In $\Delta PQR$,$\overline{PM}$ is an altitude. If $PM^2 = QM \times RM$,prove that $\Delta PQR$ is a right-angled triangle.

(N/A) Given: In $\Delta PQR$,$\overline{PM} \perp \overline{QR}$ and $PM^2 = QM \times RM$.
Step $1$: From the given equation,we have $\frac{PM}{QM} = \frac{RM}{PM}$.
Step $2$: In $\Delta PMQ$ and $\Delta RMP$,$\angle PMQ = \angle RMP = 90^\circ$ (since $\overline{PM}$ is an altitude).
Step $3$: By the $SAS$ similarity criterion,$\Delta PMQ \sim \Delta RMP$.
Step $4$: Since the triangles are similar,their corresponding angles are equal: $\angle QPM = \angle PRM$ and $\angle PQM = \angle RPM$.

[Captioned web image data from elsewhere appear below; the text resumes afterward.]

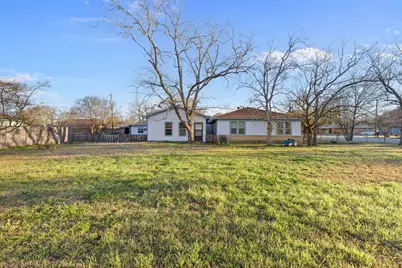 631 S Harris Street, Giddings, TX 78942 - Photo 6
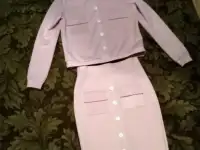 Розовый женский костюм с юбкой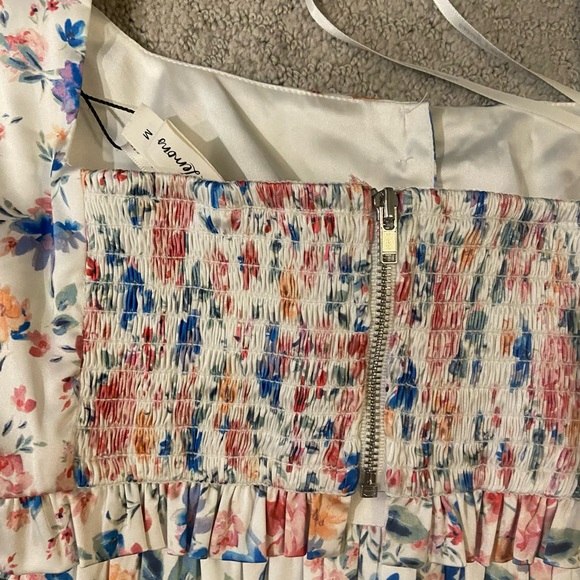 NWT- FL&L Juliet Set- Skirt (M), Top (S), Thong (S) & Bra (32DD)- Festivals - Picture 12 of 15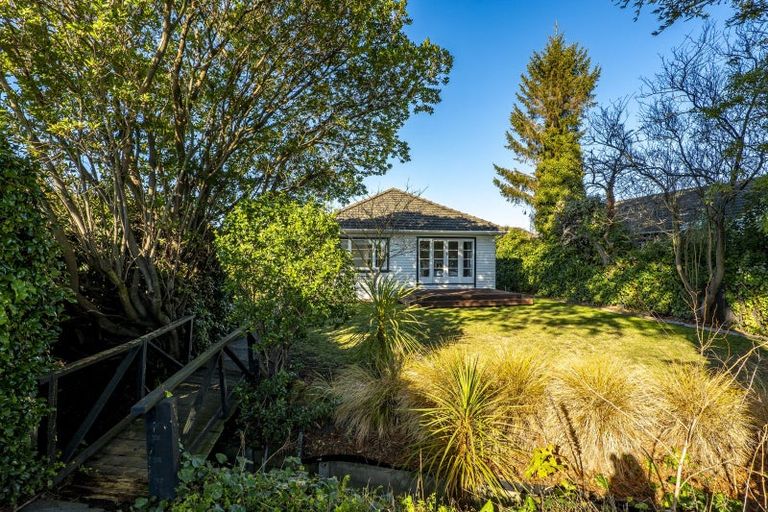 Photo of property in 27 Aorangi Road, Bryndwr, Christchurch, 8053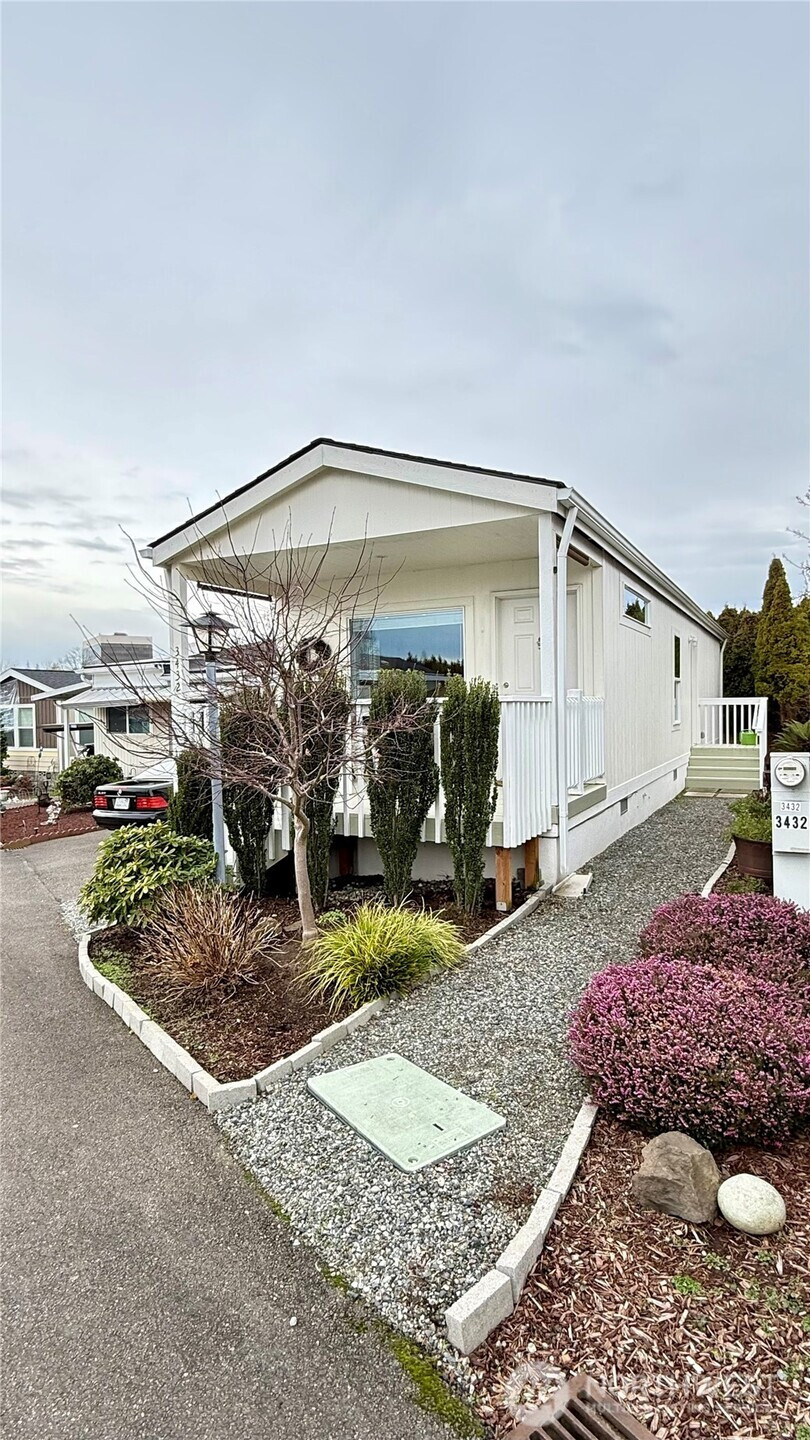 3432 S 181st Place, SeaTac, WA 98188
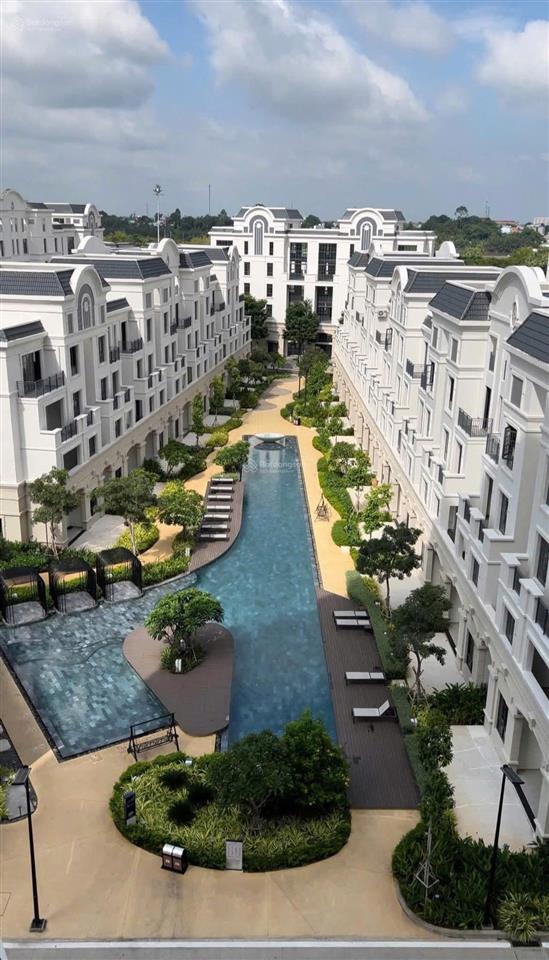 Căn hộ 2pn 65m2 full nội thất giá chỉ 3.1 tỷ tầng cao.  0906 724 ***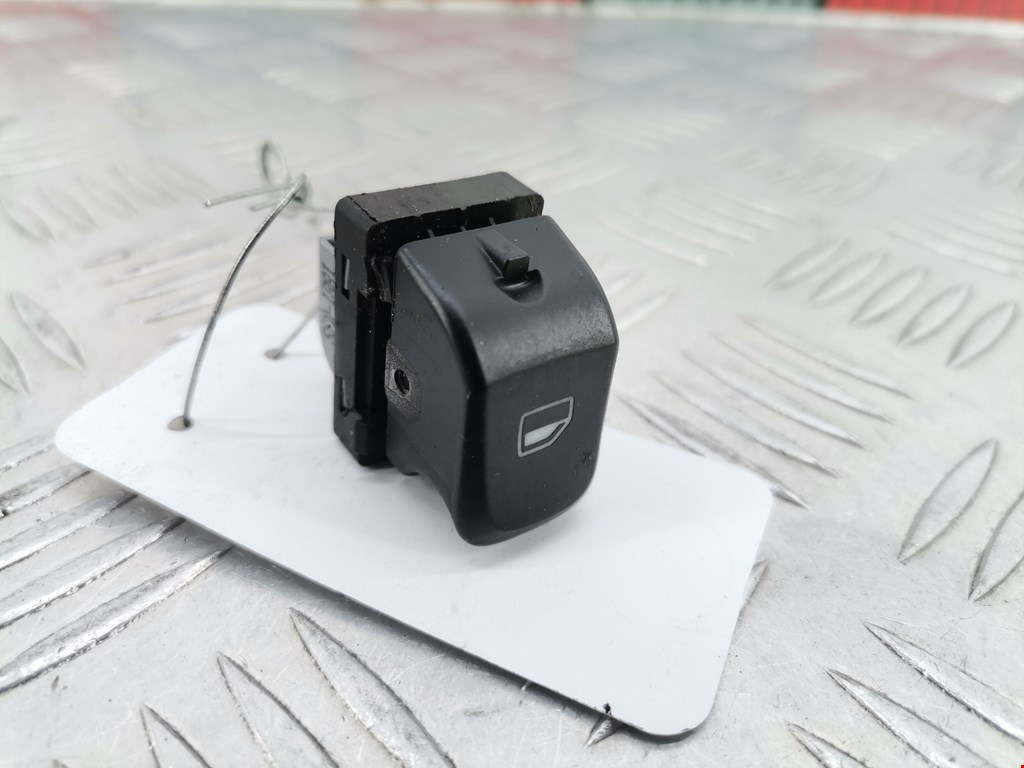 Кнопка стеклоподъемника AUDI A4 B8 2007-2015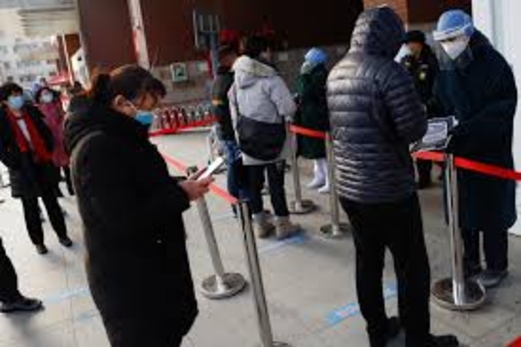 الصين: تفشي كورونا الأخير في البلاد ناتج عن إصابات واردة من الخارج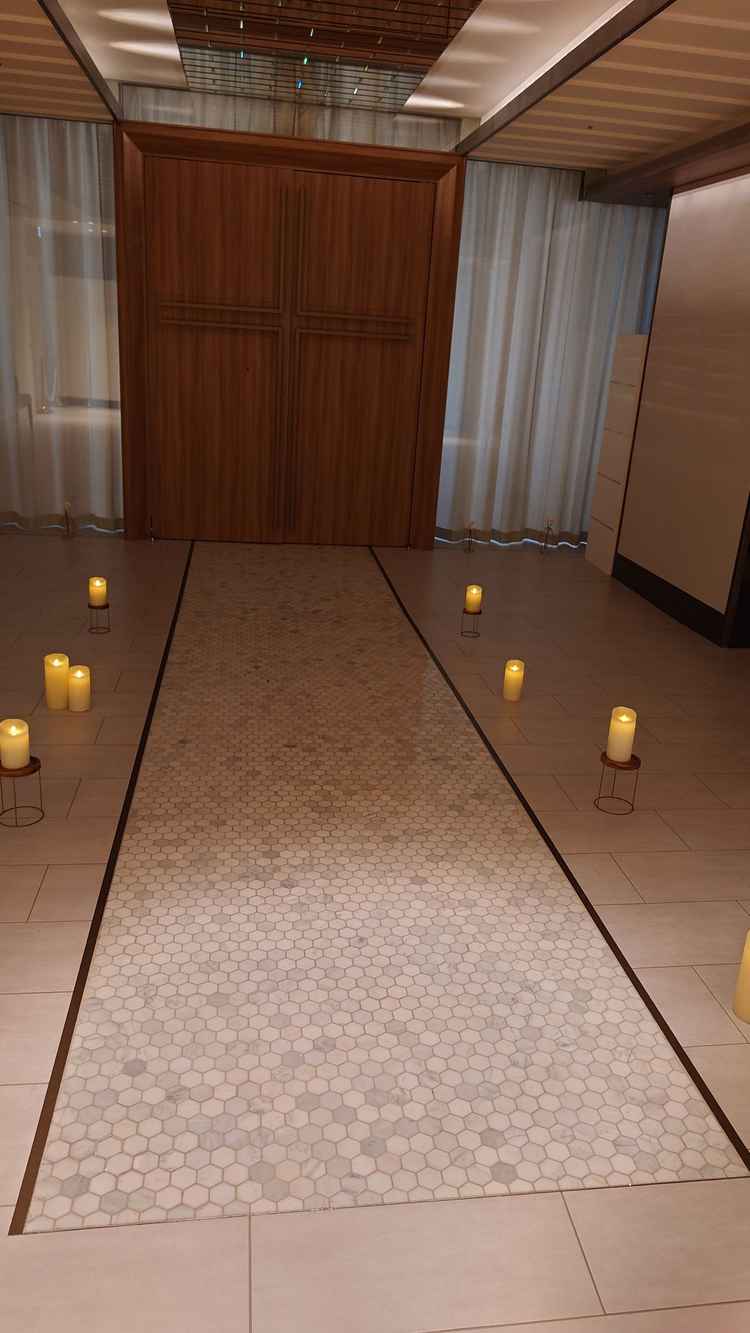 挙式会場手前のマザーズロード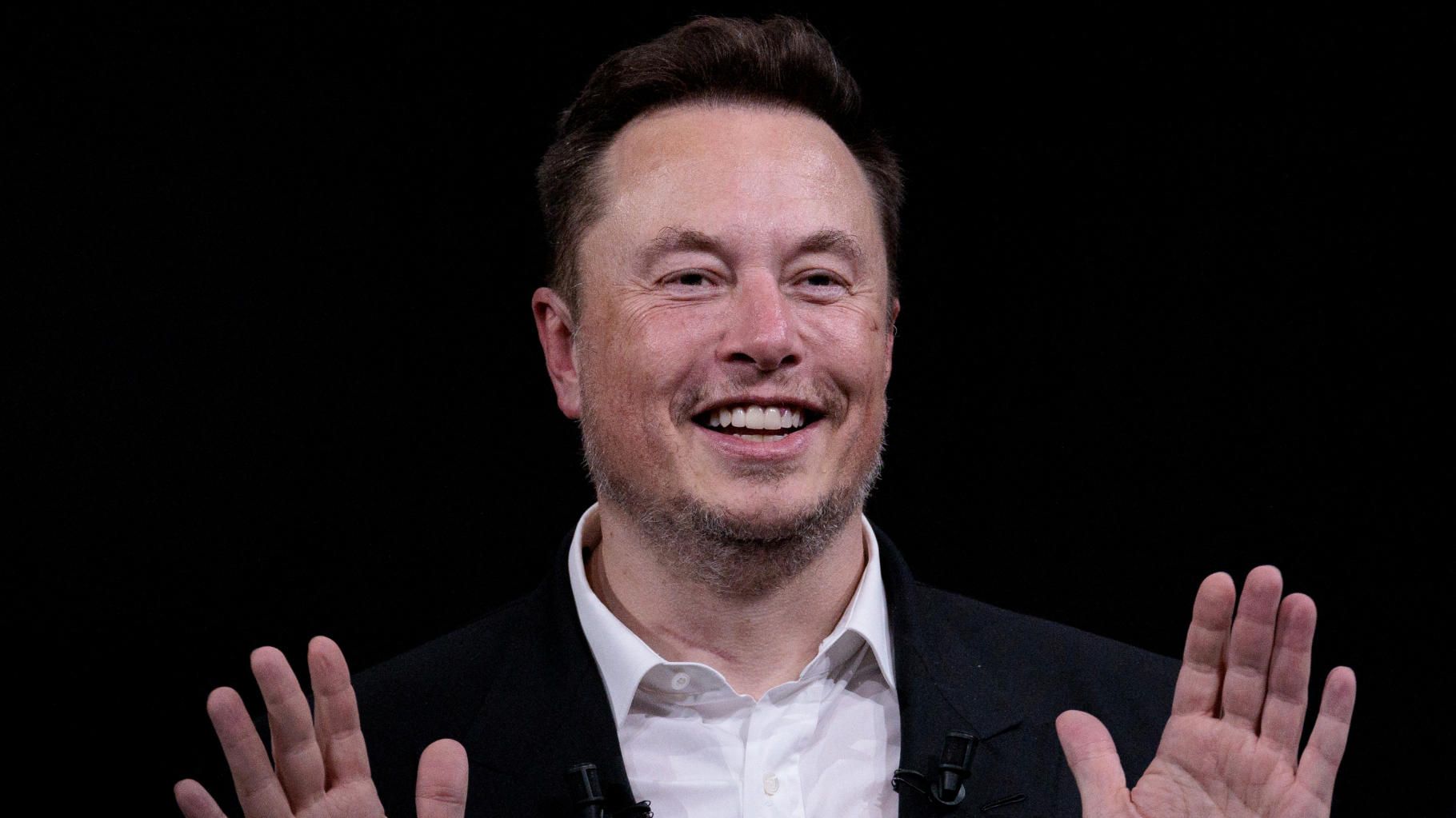 Sur Twitter, Elon Musk annonce des restrictions temporaires de lecture de messages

Step $5$: In $\Delta PQR$,the sum of angles is $180^\circ$. Thus,$\angle P + \angle Q + \angle R = 180^\circ$.
Step $6$: Substituting the angles,we get $\angle QPM + \angle RPM + \angle Q + \angle R = 180^\circ$.
Step $7$: Since $\angle QPM = \angle R$ and $\angle RPM = \angle Q$,we have $\angle R + \angle Q + \angle Q + \angle R = 180^\circ$,which simplifies to $2(\angle Q + \angle R) = 180^\circ$,so $\angle Q + \angle R = 90^\circ$.
Step $8$: Therefore,$\angle P = 180^\circ - 90^\circ = 90^\circ$. Hence,$\Delta PQR$ is a right-angled triangle.